Directions: Once the images are set aside, print the remaining lines below exactly.

Image-text web data
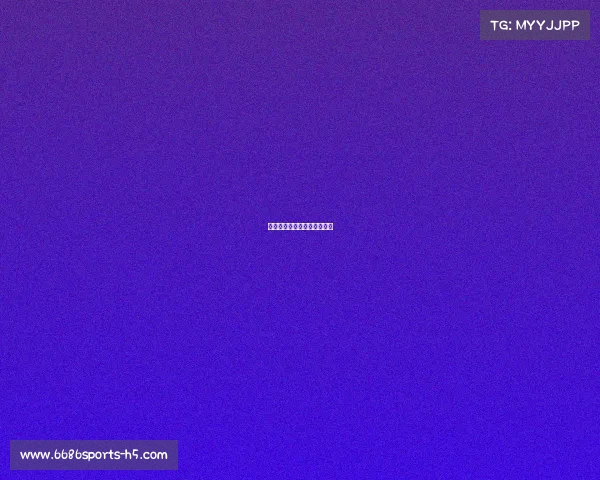 曼城继续前进,稳步冲刺冠军 曼城继续前进,稳步冲刺冠军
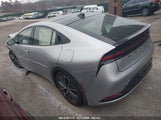 TOYOTA PRIUS LIMITED AWD-E JTDADABUXP3****** снимка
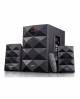 F&d A180x Wireless Multimedia Speaker image 
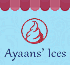 Link to www.ayaaniceslimited.com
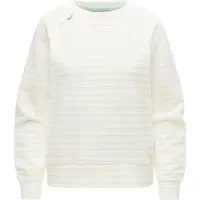 Ragwear Joann Crepe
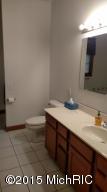 8739 N Johnson Rd, Belding, MI 48809 photo 18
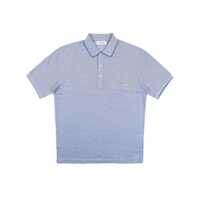 Camasi Gran Sasso Tennis Clothing Barbati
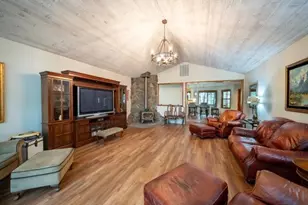 625 Larkspur Ct, Murphys, CA 95247 - Photo 18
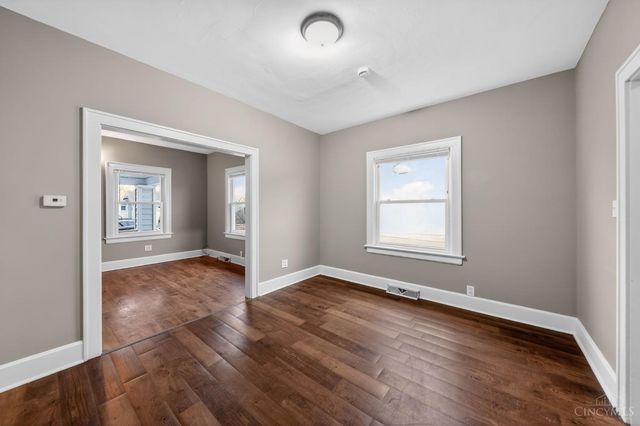 822 Minor Avenue, Hamilton, OH 45015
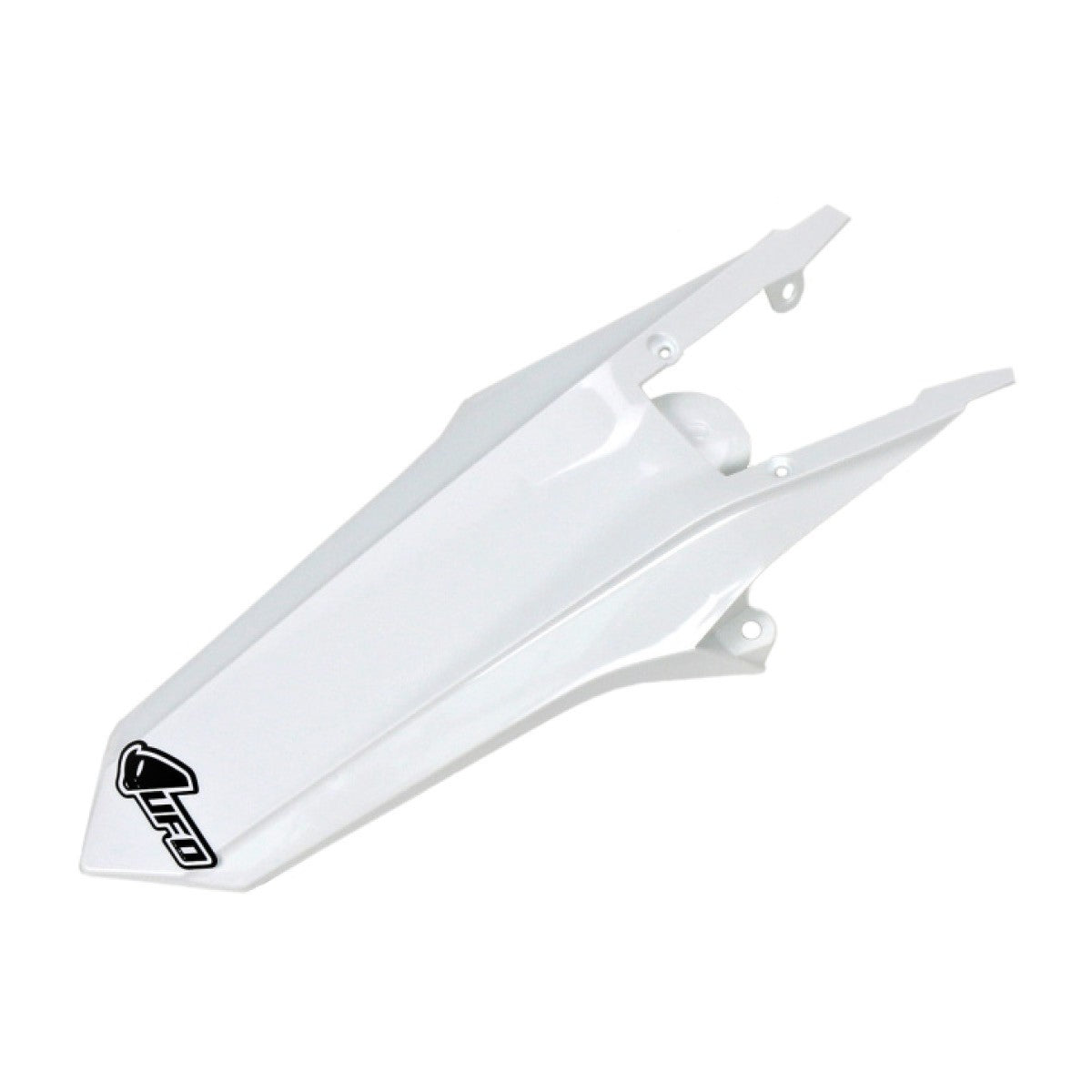 UFO Kotflügel für HUSQVARNA - UF3352-041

Answer box:
 曼城继续前进,稳步冲刺冠军 曼城继续前进,稳步冲刺冠军
 TOYOTA PRIUS LIMITED AWD-E JTDADABUXP3****** снимка
 F&d A180x Wireless Multimedia Speaker image 
 Link to www.ayaaniceslimited.com
 Ragwear Joann Crepe
 8739 N Johnson Rd, Belding, MI 48809 photo 18
 Camasi Gran Sasso Tennis Clothing Barbati
 625 Larkspur Ct, Murphys, CA 95247 - Photo 18
 822 Minor Avenue, Hamilton, OH 45015
 UFO Kotflügel für HUSQVARNA - UF3352-041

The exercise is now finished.